# Stored data:
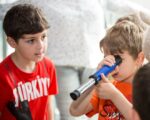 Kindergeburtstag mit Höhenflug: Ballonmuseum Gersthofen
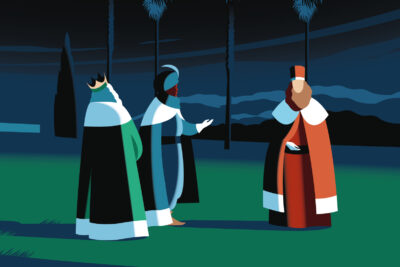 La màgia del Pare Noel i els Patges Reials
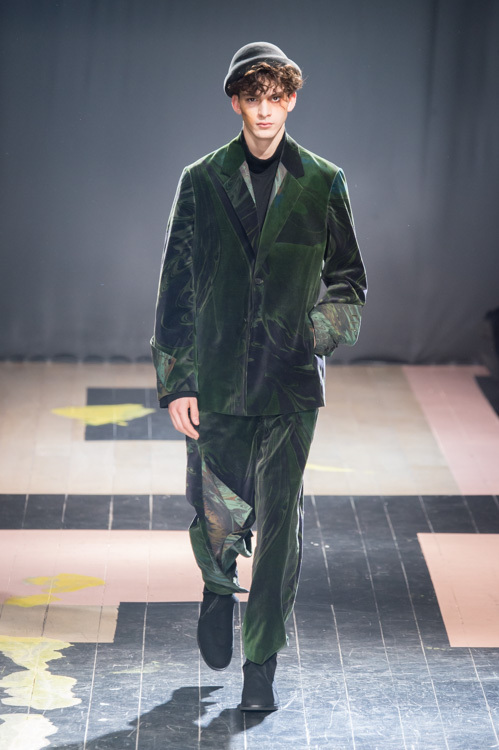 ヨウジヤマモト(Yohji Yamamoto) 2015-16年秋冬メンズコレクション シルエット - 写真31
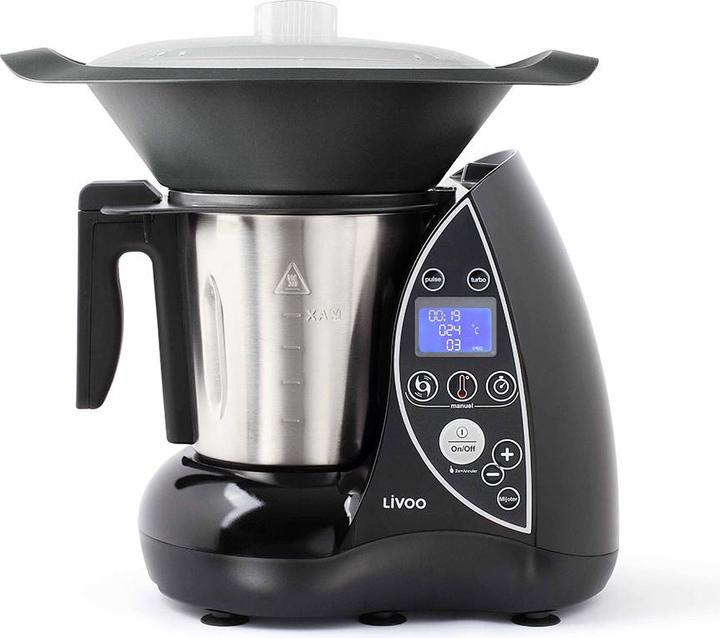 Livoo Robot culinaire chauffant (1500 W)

# Description of the task:
Go back to the line that contains "ヨウジヤマモト(Yohji Yamamoto) 2015-16年秋冬メンズコレクション" and copy it, along with each line after it through the end of the listing above, exactly and without pictures.

# Solution to this exercise:
 ヨウジヤマモト(Yohji Yamamoto) 2015-16年秋冬メンズコレクション シルエット - 写真31
 Livoo Robot culinaire chauffant (1500 W)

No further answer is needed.